Task to carry out: Among the lines below, take the one holding "cba篮球赛事 沃西：詹姆斯需要罢休我方的诞妄 我认为他会调渡过来的", the one holding "Cover El antisemitismo", and all lines between them. Set them down exactly.
#### Extracted data
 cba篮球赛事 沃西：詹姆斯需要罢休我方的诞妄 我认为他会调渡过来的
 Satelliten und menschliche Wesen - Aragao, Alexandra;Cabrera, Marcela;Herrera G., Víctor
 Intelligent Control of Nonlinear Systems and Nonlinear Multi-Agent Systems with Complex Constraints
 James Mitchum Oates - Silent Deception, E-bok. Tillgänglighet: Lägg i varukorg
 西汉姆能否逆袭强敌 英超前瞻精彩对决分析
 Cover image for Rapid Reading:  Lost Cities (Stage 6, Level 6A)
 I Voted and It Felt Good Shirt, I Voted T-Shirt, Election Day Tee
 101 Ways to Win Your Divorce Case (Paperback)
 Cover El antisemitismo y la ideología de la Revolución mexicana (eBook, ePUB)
########
#### Extracted data
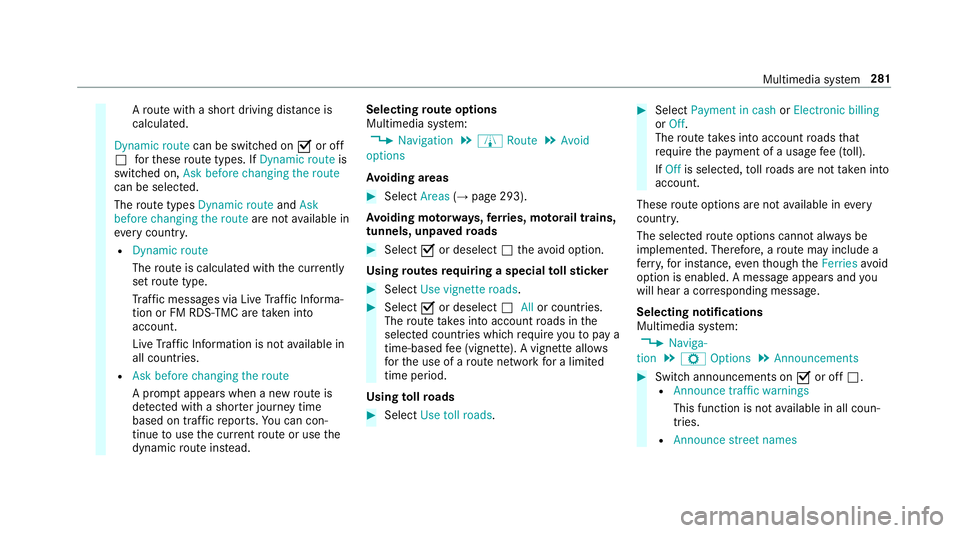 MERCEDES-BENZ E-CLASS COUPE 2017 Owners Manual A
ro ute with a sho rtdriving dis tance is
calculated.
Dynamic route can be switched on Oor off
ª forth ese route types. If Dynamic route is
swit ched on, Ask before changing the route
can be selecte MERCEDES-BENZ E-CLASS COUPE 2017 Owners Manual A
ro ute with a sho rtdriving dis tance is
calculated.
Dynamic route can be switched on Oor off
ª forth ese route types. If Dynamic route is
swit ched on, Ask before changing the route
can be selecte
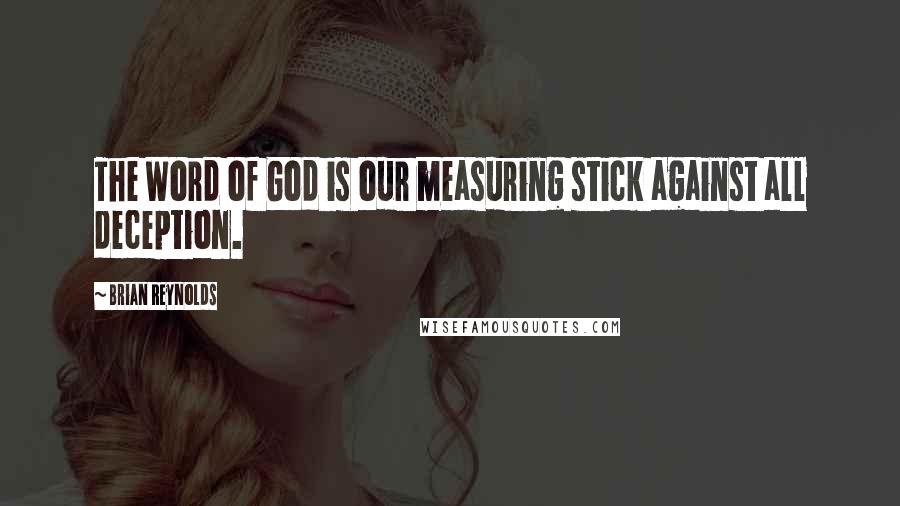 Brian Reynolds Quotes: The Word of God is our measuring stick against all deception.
########
#### Extracted data
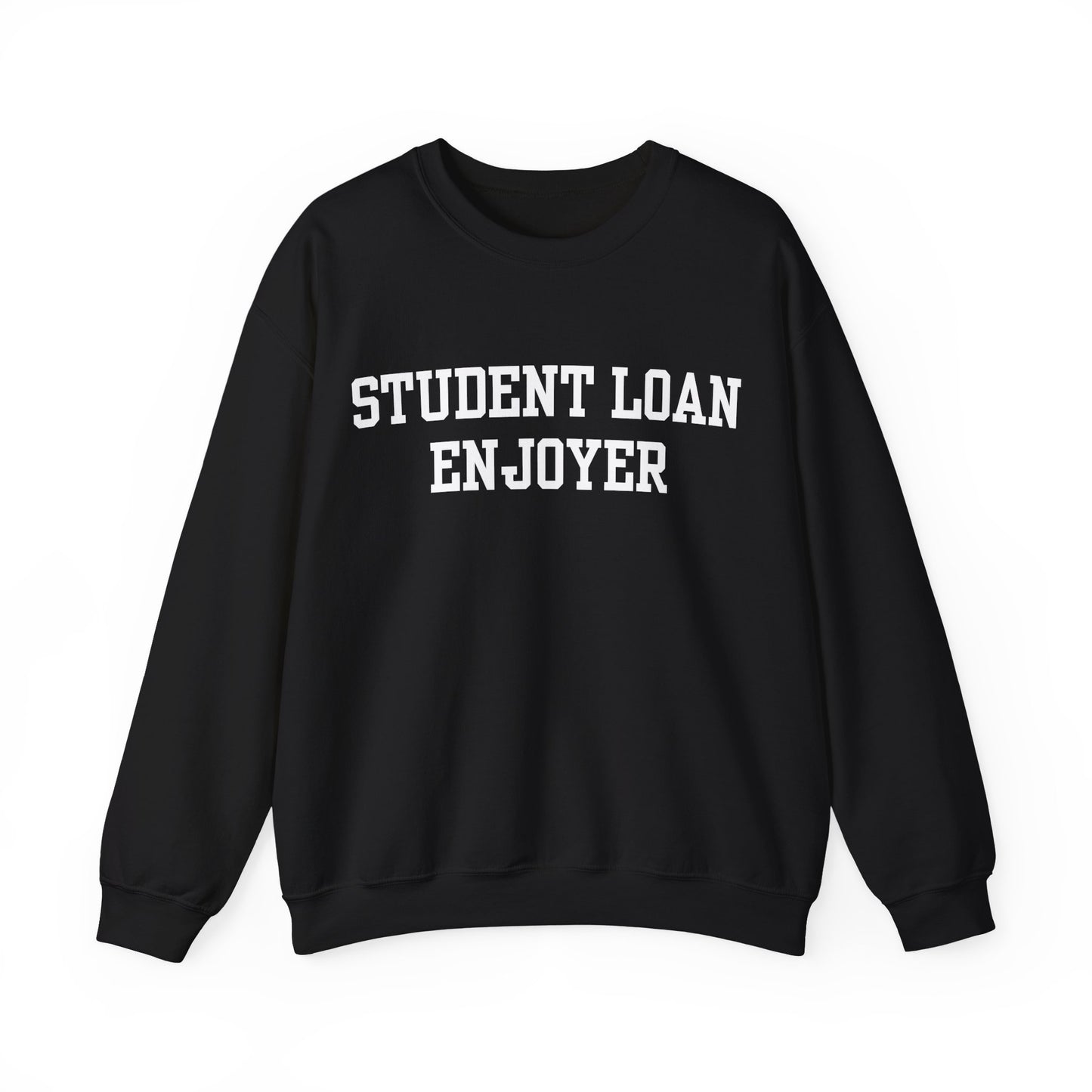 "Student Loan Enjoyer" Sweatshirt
########
Exercise solution:
 cba篮球赛事 沃西：詹姆斯需要罢休我方的诞妄 我认为他会调渡过来的
 Satelliten und menschliche Wesen - Aragao, Alexandra;Cabrera, Marcela;Herrera G., Víctor
 Intelligent Control of Nonlinear Systems and Nonlinear Multi-Agent Systems with Complex Constraints
 James Mitchum Oates - Silent Deception, E-bok. Tillgänglighet: Lägg i varukorg
 西汉姆能否逆袭强敌 英超前瞻精彩对决分析
 Cover image for Rapid Reading:  Lost Cities (Stage 6, Level 6A)
 I Voted and It Felt Good Shirt, I Voted T-Shirt, Election Day Tee
 101 Ways to Win Your Divorce Case (Paperback)
 Cover El antisemitismo y la ideología de la Revolución mexicana (eBook, ePUB)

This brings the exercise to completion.